The Well-Beloved
- First edition of the novel
- Author: Thomas Hardy
- Language: English
- Genre: Novel
- Publisher: Osgood, McIlvaine & Co
- Publication date: 15 October 1897
- Publication place: England

= The Well-Beloved =

1892 novel by Thomas Hardy

The Well-Beloved: A Sketch of a Temperament is a novel by Thomas Hardy. It spans forty years, and follows Jocelyn Pierston, a celebrated sculptor who attempts to create in stone the image of his ideal woman, while he tries also to find her in the flesh.

It was serialized in 1892, and published as a book in 1897.

==Plot summary==
The novel revolves around Jocelyn Pierston, a sculptor on the Isle of Slingers, and his relationships with three generations of the Caro family.

In the first part, a 20-year–old Jocelyn Pierston arrives from London to the Isle of Slingers. It is established that he is looking for the 'Well-Beloved', an intangible form of feminine beauty that seems to 'manifest' itself in various women. He believes that the concept is present in Avice Caro, a childhood friend of Pierston. The two begin a romance, and Avice's innocence and purity is highlighted. He shortly after encounters Miss Marcia Bencomb, however, and comes to believe that the Well-Beloved has settled within her. He proposes marriage to Marcia, rejecting Avice. Mr Bencomb, however, forbids the marriage, taking Marcia abroad, while Avice marries her cousin.

The second part follows Jocelyn who, at the age of 40, is a well-respected and wealthy sculptor. He returns to the Isle of Slingers after hearing of the death of Avice, where he encounters her daughter, Ann, working as a laundress. Jocelyn quickly becomes infatuated, calling her 'Avice' and believing that she is a reincarnation of her mother. He proposes but Ann refuses, explaining that she is already married to Isaac Pierston. She gives birth to a daughter, who she names 'Avice'.

In the final part Jocelyn is 60. He receives word of Isaac Pierston's death, and returns to the island to ask Ann to marry him; however, upon seeing her daughter (the granddaughter of the original Avice Caro) he falls in love with her, believing that the 'Well-Beloved' has incarnated within her. Jocelyn pays court to her but only at night, so his features are obscured; when Avice realises he is an old man, she is repulsed.

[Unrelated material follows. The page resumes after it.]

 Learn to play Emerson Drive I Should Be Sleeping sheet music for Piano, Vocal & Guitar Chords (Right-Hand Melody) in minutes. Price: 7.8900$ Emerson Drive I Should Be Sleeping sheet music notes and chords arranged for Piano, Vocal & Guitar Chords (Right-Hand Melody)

Jocelyn proposes, only for Avice to elope the same night; Ann Caro dies of shock. Ultimately, Jocelyn Pierston enters a platonic marriage with Marcia Bencomb.

==Background==
The main setting of the novel, the Isle of Slingers, is based on the Isle of Portland in Dorset, southern England.

Many of Hardy's novels were set in Dorset. The Well Beloved is one of Hardy's last novels. It was first published in three-part serial form in 1892, and then revised and re-published as a book in 1897, after Hardy's last novel Jude the Obscure (1895). The novel tells the story of the sculptor Jocelyn Pierston's search for the ideal woman, through three generations of a Portland family.

A cottage housing what is now part of Portland Museum, on the Isle of Portland, founded by Marie Stopes, a friend of Hardy and his wife, was an inspiration for the book. The cottage acted as the home of Avice, the novel's heroine.

==Themes==
The frequent time skips within the novel are mirrored by the sense of vast geological time, which is heightened by the description of the stone of the Isle of Slingers which makes up the novel's opening chapter. It is Pierston's inability to settle in a relationship with any individual member of the Caro family that makes him a transient figure 'outside' time. His refusal to participate in the "cycle of generations" implied by the geological history of the stones makes him a disruptive, temporarily disturbed presence.